Top of Records for the exercise
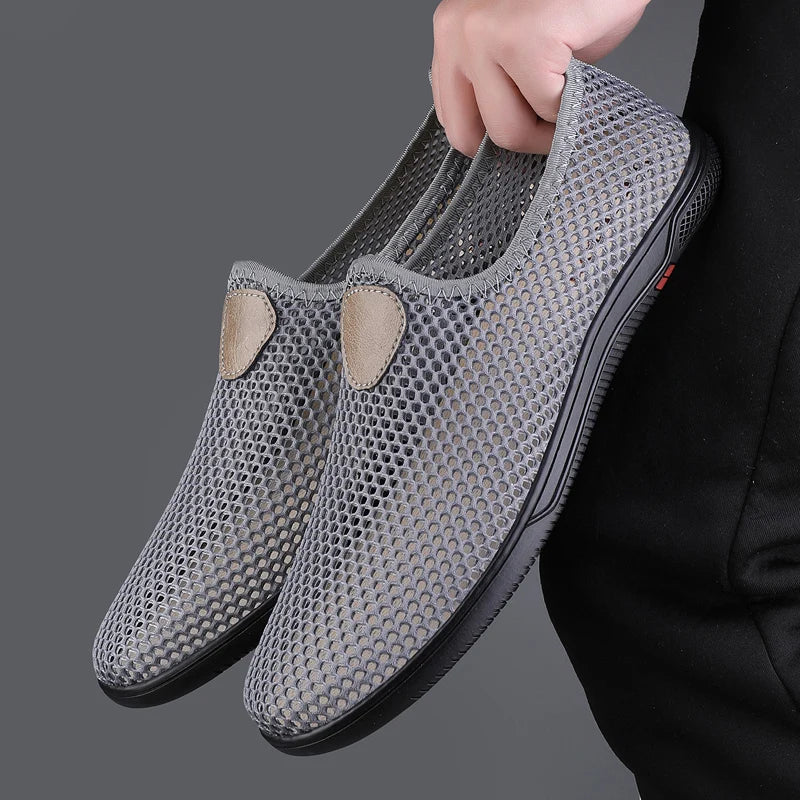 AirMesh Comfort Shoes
Bottom of Records for the exercise
Top of Records for the exercise
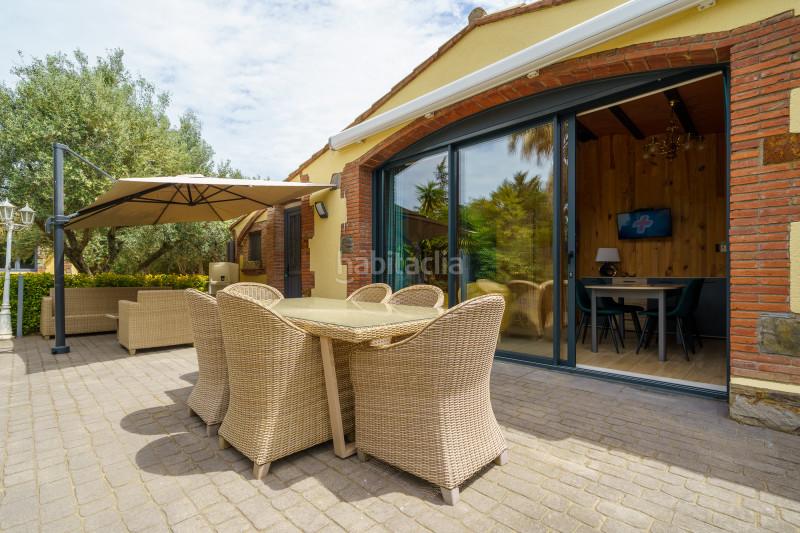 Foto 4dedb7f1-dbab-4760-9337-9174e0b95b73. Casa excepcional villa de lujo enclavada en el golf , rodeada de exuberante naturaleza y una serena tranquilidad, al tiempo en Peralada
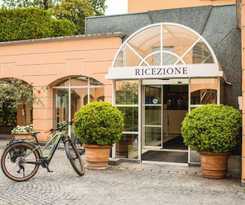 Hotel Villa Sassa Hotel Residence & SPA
Bottom of Records for the exercise
Top of Records for the exercise
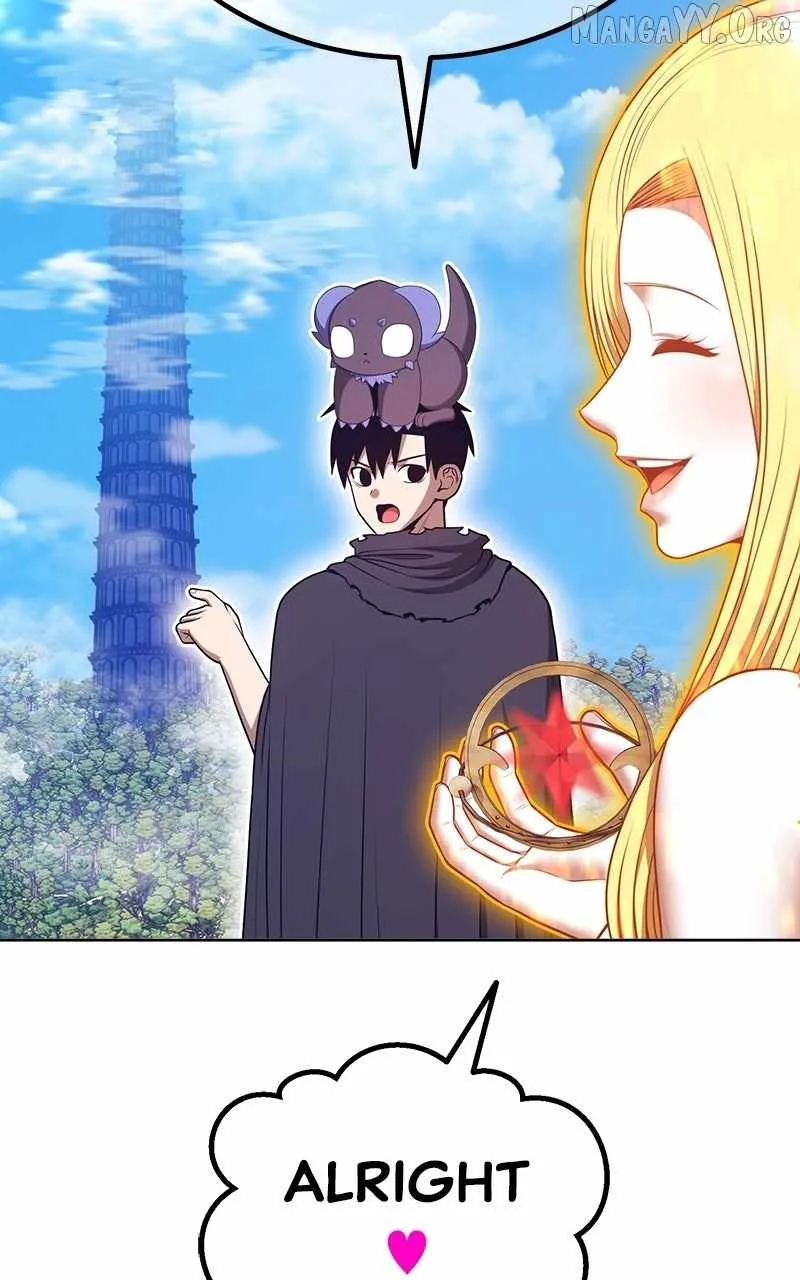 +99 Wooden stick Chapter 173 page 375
Bottom of Records for the exercise
* [Assigned task]:
Reproduce, exactly and only, the lines of the records above starting at the line with "Foto 4dedb7f1-dbab-4760-9337-9174e0b95b73. Casa" and ending at the line with "Hotel Villa Sassa Hotel Residence & SPA", both included. Leave every picture out.

* [Task result]:
 Foto 4dedb7f1-dbab-4760-9337-9174e0b95b73. Casa excepcional villa de lujo enclavada en el golf , rodeada de exuberante naturaleza y una serena tranquilidad, al tiempo en Peralada
 Hotel Villa Sassa Hotel Residence & SPA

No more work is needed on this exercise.